У Арафата и его семьи никогда не было дома в Иерусалиме. Ни его отец, ни братья не были там в дни провозглашения еврейского государства. Сам Арафат находился в Иерусалиме лишь до февраля 1948 года, а в марте по весьма трагикомичной причине, о которой ниже, вернулся в Газу, где у его отца был не „клочок земли“, а богатая торговая фирма. Не было героических боев, взорванных кварталов, скитаний в пустыне и посещения Дир-Ясина. Задолго до конца войны 1948-49 г.г. отец Арафата вывез всю семью в Каир, где у него был собственный дом и второе отделение фирмы.
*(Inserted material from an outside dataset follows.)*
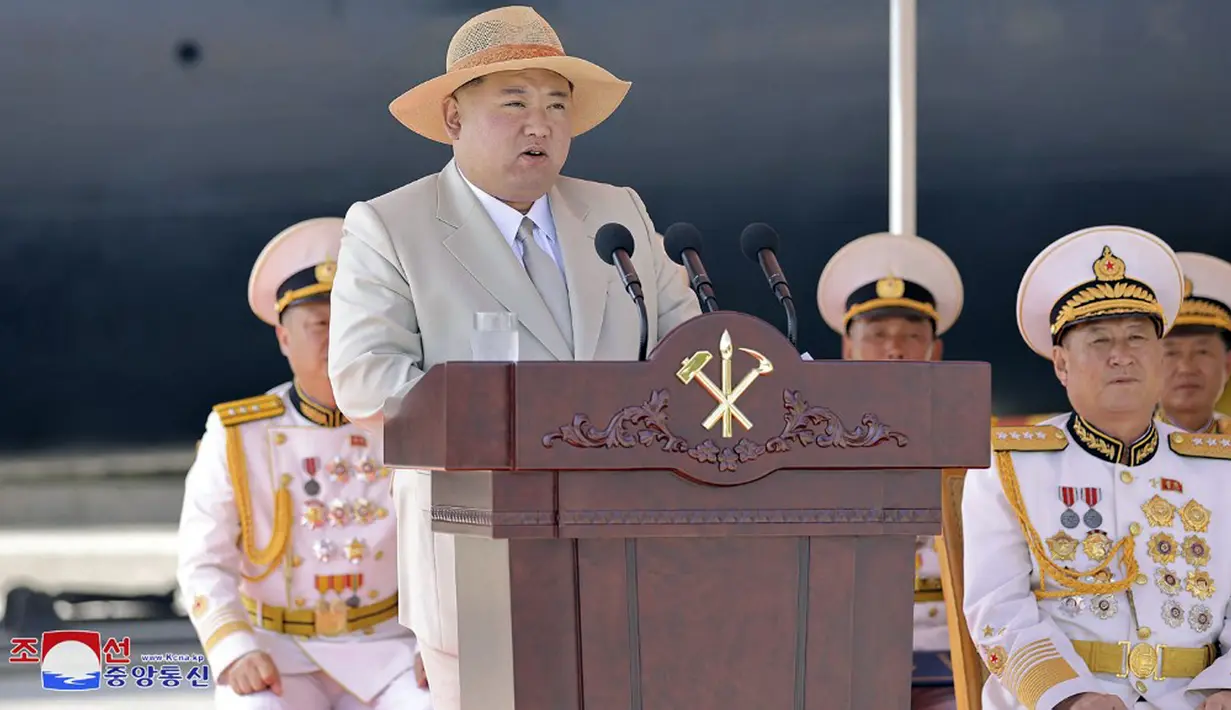 Kapal selam ini ditugaskan ke armada yang berpatroli di perairan antara Semenanjung Korea dan Jepang, kata media pemerintah. Belum jelas rudal apa yang akan dipersenjatai kapal selam baru tersebut. (STR/KCNA VIA KNS/AFP)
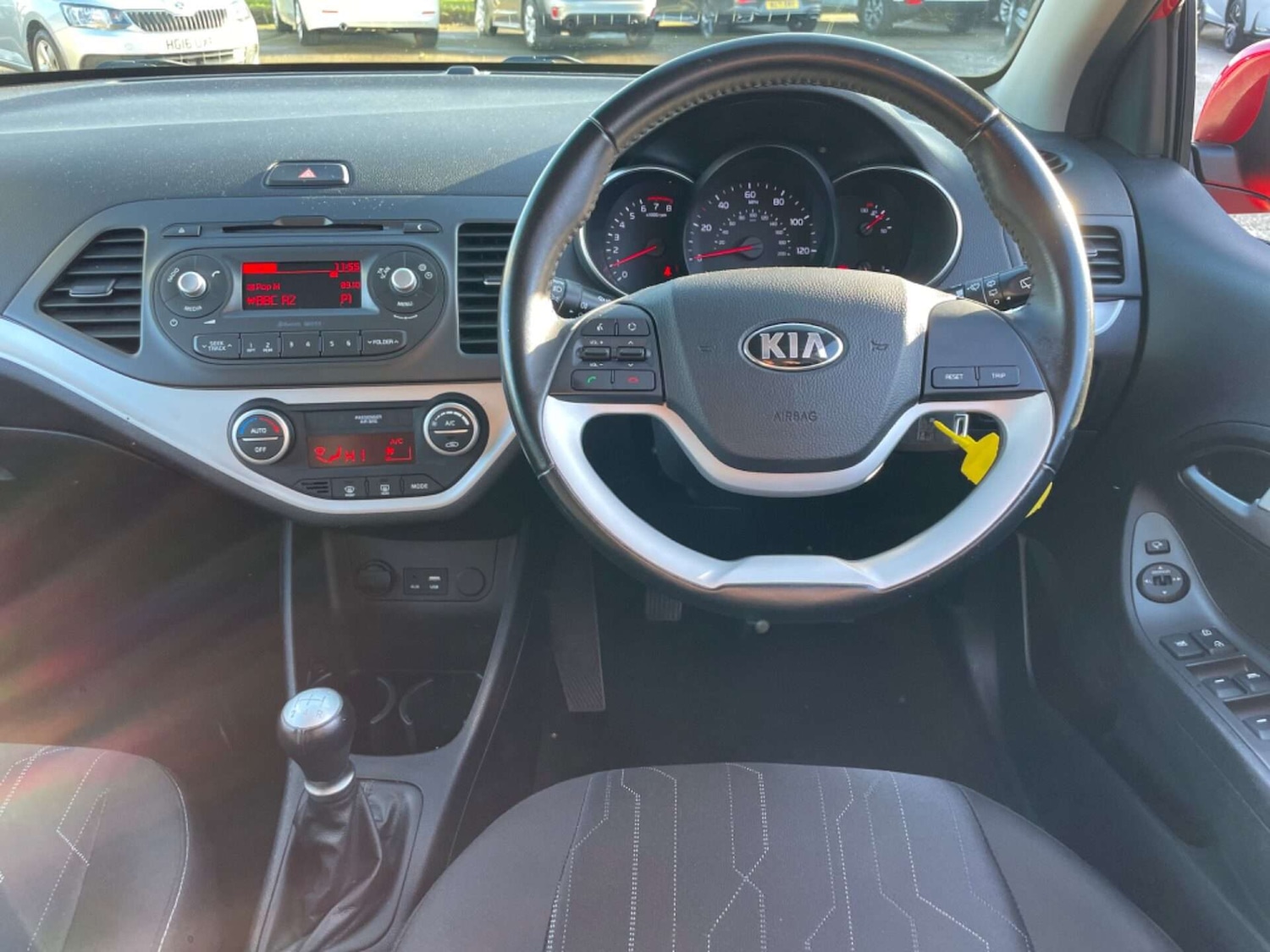 Used Kia Picanto 2016 for sale - 76957809: Photo 18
Жорж Хабаш рассказывает о себе удивительно похоже: „У меня не было иной причины участвовать в политической борьбе, чем та, которая воодушевляет любого палестинца. Накануне 1948 года я был школьником в моем родном городе Лидда (Луд). Я своими глазами видел, как израильская армия вступила в город и начала уничтожать его жителей. Я не преувеличиваю: они убивали всех подряд и изгоняли нас из наших домов. По пути из Лидды в Рамаллу я видел умирающих детей, подростков и стариков. Что остается делать, повидав такое? Только стать революционером и бороться за свое дело. Свое и своего народа“.
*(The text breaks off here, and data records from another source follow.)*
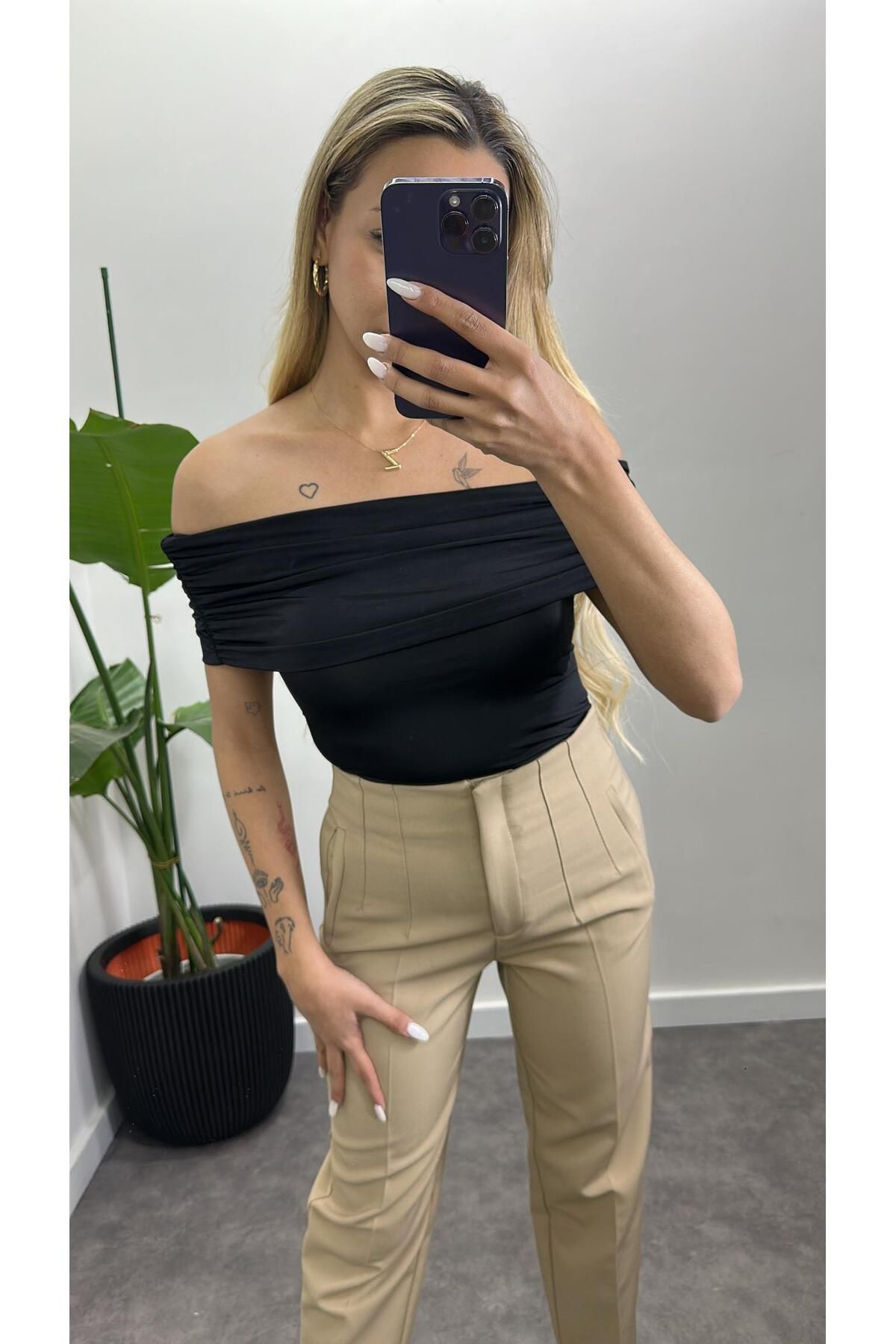 Acar Boutique Madonna Yaka Bluz
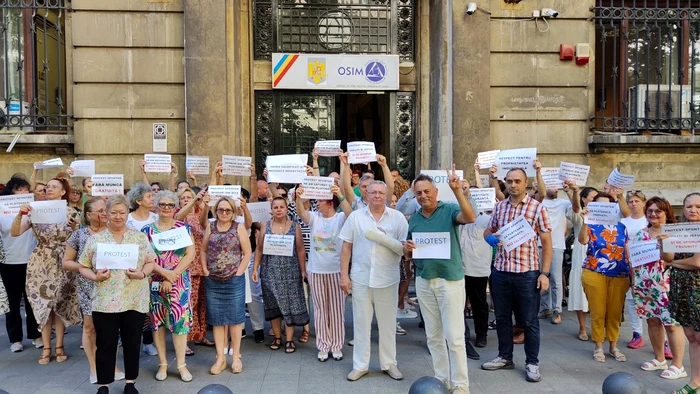 ---------Bugetarii-protesteaz-n-strad-i-amenin-c-blocheaz-ara-dac-Guvernul-nu-renun-la-tierea-veniturilor-angajailor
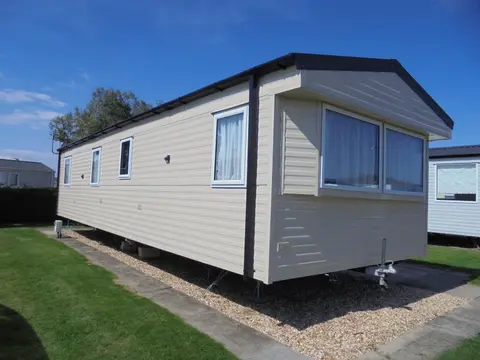 Kingfisher : Seasons:- 8 Berth, Central Heated, Close to site shop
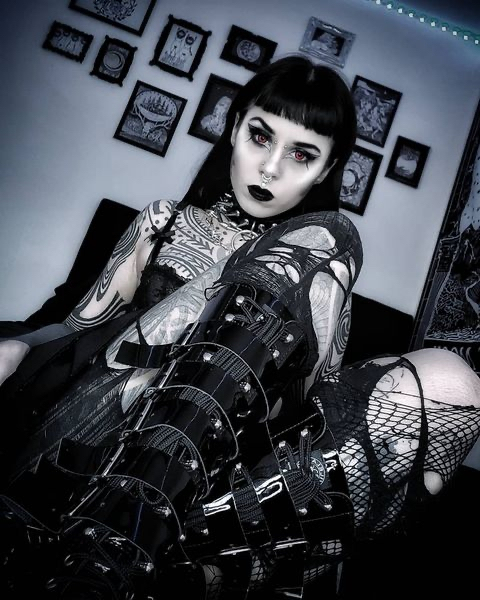 TheGothProject's tweet photo. We love her so much ๐ค๐ค๐ค๐ค๐ฅ
Credit @lunarlau
. #goth #gothgirl #gothsofinsta #instagoth #allblackeverything #gothgoth #deamon #metalgirls #pagan #altgirl #alternativefashion #gothfashion https://t.co/gBfmMIgcUz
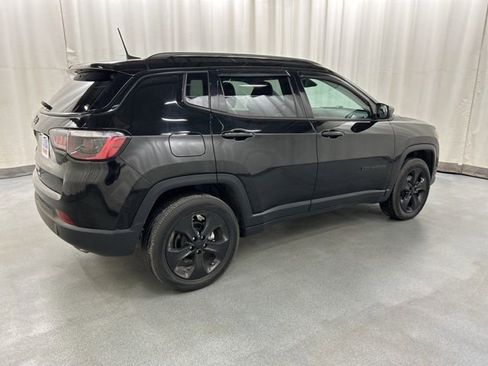Used 2021 Jeep Compass Latitude image 4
Жорж Хабаш был сыном богатого оптового торговца из Луда. Он окончил школу в родном городе в 1947 году и в момент „вступления израильской армии“ в Луд находился далеко от родных мест, в Бейруте, где учился в тамошнем Американском университете. Он оставался в Бейруте все последующие годы, вопреки его рассказам о „подпольной деятельности“ в Иудее и Самарии, которую он якобы тогда организовал и возглавил.
Одинаковость лжи выдает общность скрытых мотивов. Мотивы эти — создать и упрочить в национальном сознании некий единый миф. То, что попутно оба „вождя“ палестинской „революции“ работают и на свою собственную легенду, пожалуй, даже не столь существенно. Существенней, что они строят в палестинском сознании новую картину минувших событий, удовлетворяющую национальной потребности в героической истории. Так в основу этой истории закладывается миф, освобождающий сознание от травмы унижения и бессилия.
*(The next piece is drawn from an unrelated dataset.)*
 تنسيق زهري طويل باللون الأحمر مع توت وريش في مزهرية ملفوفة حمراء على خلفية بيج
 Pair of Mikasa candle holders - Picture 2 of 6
Организацию Освобождения Палестины можно было бы назвать коллективным мифотворцем. Коллективный миф, который она создает, поддерживает и воспроизводит, — это миф о палестинской нации. За 20 истекших лет этот миф стал политической и, что еще важнее, психологической реальностью, как бы к ней ни относиться.
Голда Меир как-то обронила: „Нет такой нации — палестинцы. Палестинка — это я“.
Она была права по отношению к своему прошлому. В ее времена в Палестине жили евреи, которые вполне могли именовать себя „палестинцами“, настолько они отличались от всех прочих евреев, — и арабы, которые ничем не отличались от всех прочих арабов Ближнего Востока. Сегодня тоже продолжают говорить о становлении „израильской нации“. Но куда громче говорят о возникновении особой „арабской палестинской нации“ — и сегодня Голда Меир была бы уже не права.